Asıl sorun, eğitimin içeriğinde genel eğitim ile uzmanlık dersleri arasında bir denge bulmaktır. Didaktik ilkeler, herkesin eşit başlangıç fırsatlarına sahip olacağı ve yetenek ve ilgilerini ifade etmek için gerekli kaynakları alacağı bir eğitim yaklaşımını gerektirir. Bu kurala uygunluk, sonraki mesleki oryantasyon seçiminin temelidir. Profil sistemi, orta öğretim ve mesleki eğitim arasındaki didaktik süreklilik ilkesinin uygulanmasını mümkün kılar.

Mesleki eğitim ilkeleri

Yükseköğretim aşamasında, öğretimin didaktik ilkelerinin kendi sistemlerindeki payının oranı değişmektedir. Bu, bunların bir kompleks içinde kullanımlarını olumsuzlamaz, ancak oyun etkinlikleri açıkça arka plana çekilir ve yalnızca tipik durumları canlandırırken gerçekleştirilir.

Bağımsız iş
Bağımsız iş

Her şeyden önce, mesleki eğitimin didaktiği, eğitim normlarının mevcut üretim durumuna karşılık gelmesini gerektirir. Bu, teorik kursa yeni bilgiler eklenerek ve pratik alıştırmalar için modern ekipman kullanılarak elde edilir. Bu gereksinimlerden, didaktik ilke mantıksal olarak gelir.gelişimsel eğitim: öğrenci sadece mevcut üretim tabanını tam olarak bilmekle kalmamalı, aynı zamanda daha ileri gelişimini bağımsız olarak algılamaya hazır olmalıdır.

Teori ile pratik arasında bağlantı kurarken görünürlük ilkesini uygulamak gerekir. Teorik kursa görsel diyagramlar ve çizimler eşlik etmelidir.

Yüksek öğrenimin vazgeçilmez bir unsuru, öğrencilerin bilgilerini test etme ve pekiştirme fırsatı buldukları iş deneyiminin mevcudiyetidir.

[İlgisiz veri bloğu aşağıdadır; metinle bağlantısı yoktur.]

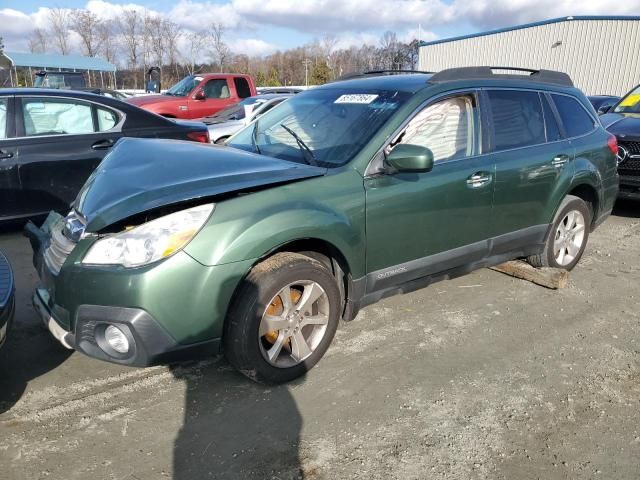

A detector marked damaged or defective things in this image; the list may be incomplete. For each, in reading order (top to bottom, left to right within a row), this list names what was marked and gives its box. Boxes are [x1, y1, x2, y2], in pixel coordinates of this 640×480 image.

crumpled hood [600, 111, 640, 137]
crumpled hood [74, 137, 324, 232]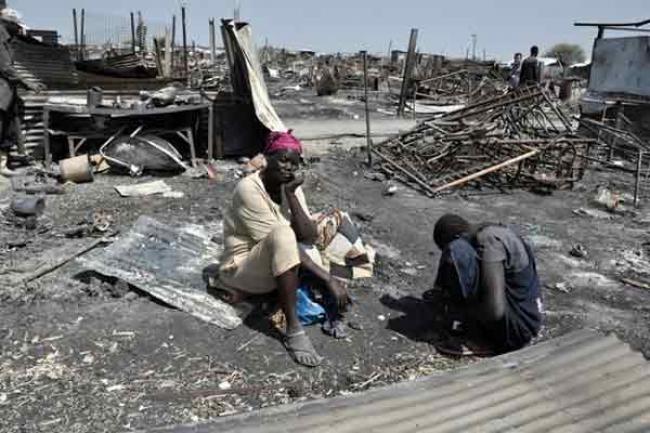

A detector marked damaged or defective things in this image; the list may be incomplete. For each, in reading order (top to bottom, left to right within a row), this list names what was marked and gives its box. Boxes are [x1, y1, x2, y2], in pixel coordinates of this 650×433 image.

burnt wooden pole [394, 28, 416, 117]
broken furniture [41, 102, 209, 167]
rusted corrugated iron [149, 330, 648, 430]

Son olarak, bağımsız çalışma, mesleki eğitim alma sürecinde belki de en önemli rolü oynar. En yüksek kalitede dersler ve kapsamlı uygulamalı alıştırmalar bile, kendi kendine çalışma gibi gerekli bilgi konusunda böylesine sağlam bir ustalığa katkıda bulunmaz. İş sürecini planlama, teknik belgelerden gerekli bilgileri elde etme, işini kontrol etme ve sorumluluk alma becerileri ancak onlar sayesinde oluşur.

Didaktik ilkelerin anlamı

Didaktik sayesinde, kapsamlı bir yeni bilgi ustalığı gerçekleştirilir ve eğitim süreci öğrencinin kişiliğine odaklanır. Neredeyse tüm didaktik öğretim ilkeleri konu derslerinde uygulanmaktadır: bazıları daha büyük ölçüde, bazıları daha az ölçüde. Bununla birlikte, bunların toplu olarak kullanılması, bir çocuktan dünya ve kendisi hakkında bağımsız bilgi sahibi olmaya hazır, profesyonel faaliyetlerde bulunabilen ve topluma fayda sağlayan bir kişilik yaratmayı mümkün kılar.